Mismatch between uarch spec and implementation for FwdRdAck/LOAD_FWDACK transition to Shared
Description:
According to the micro-arch (Section 3.2, Figure 5), the following transitions should occur when a FwdRdAck is received from the owner:
M → S
E → S
Reference Figure:
Currently, the RTL does not handle the M → S transition.
Verification Setup: 1- I wrote the following assertion based on the specification: as_state_m_s_load_fwd_ack: assert property( l2.pipe2.ctrl.valid_S2 && l2.pipe2.ctrl.msg_type_S2_f == LOAD_FWDACK && l2.pipe2.ctrl.l2_way_state_mesi_S2 == MODIFIED |-> l2.pipe2.ctrl.state_mesi_S2 == SHARED );
2- When running formal verification, the antecedent (conditions for firing) was covered, but the consequent (transition to SHARED) was never covered. 3- On inspecting the RTL, I found that there is no case defined for this transition in pipe2 of L2 cache.
Conclusion: When the current state is Modified and a LOAD_FWDACK is received, the next state should transition to Shared, consistent with the specification (Section 3.2, Figure 5). However, the M → S transition is not implemented in the RTL, and as a result, assertions based on the specification fail to cover this scenario. This causes the L2 state machine behavior to diverge from the documented specification and can potentially lead to incorrect coherence behavior when a cache line in M receives a LOAD_FWDACK. To resolve this, the L2 controller state transition logic should be updated to handle the M → S case, similar to the existing E → S transition.

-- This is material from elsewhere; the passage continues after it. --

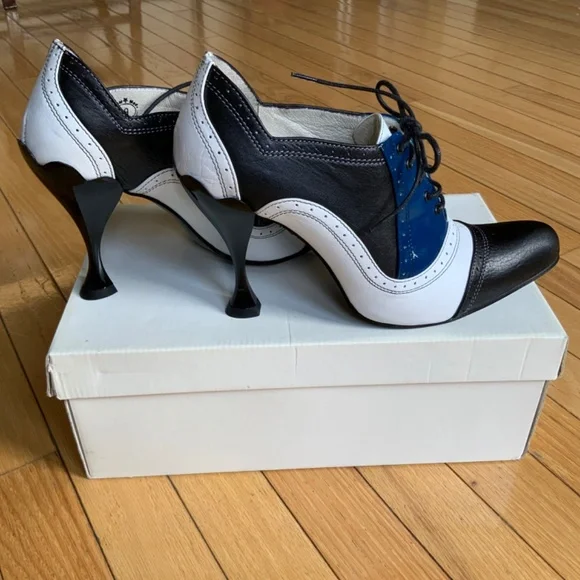 John Fluevog Mansfield Black White & Blue Leather Shoe Size 9 worn once indoors - Picture 3 of 15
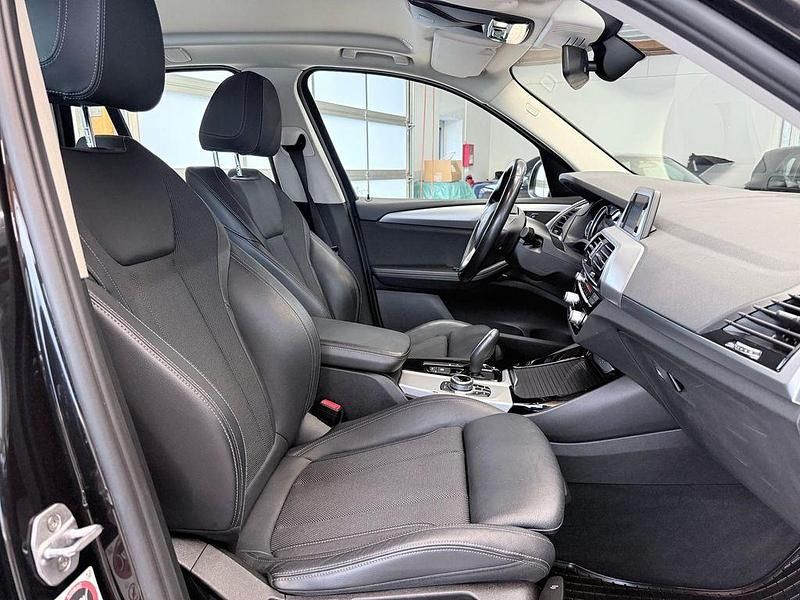 Gebraucht BMW X3 Advantage 190 PS (139 kW) 2017 Schwarz SUV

Hi there! Thanks for taking a look at this. Could you tell me more about your methodology here? I want to be sure that we have a full understanding of both the specification and the RTL itself. Have you run any tests to validate that this is causing an issue? It may be that the state machines were not updated to reflect the implementation or that there is more complexity related to the use of writeback guards for example.
I compiled the L2 cache module to verify coherency behavior using a formal tool with property-based verification. In this setup, the NoC1 input is constrained so that only LOAD_REQ and STORE_REQ messages can appear for now. I also modeled NoC3 as a response generator that collects outgoing requests from NoC2 (such as LOAD_MEM or LOAD_FWD) and generates the corresponding responses back on NoC3. Additionally, I constrained that wb_req cannot appear in this environment. This setup allows me to focus on verifying the L2 coherence protocol through formal properties.
Within this environment, I wrote several SystemVerilog assertions covering different state transitions defined in the specification, focusing to compare the state diagram’s transitions with the actual RTL behavior in pipeline1 and pipeline2 of the L2. One of these assertions — for the LOAD_FWDACK message — is not covering the expected scenario described in Section 3.2, Figure 5. Specifically, the M → S transition does not occur in the RTL even though it is defined in the spec.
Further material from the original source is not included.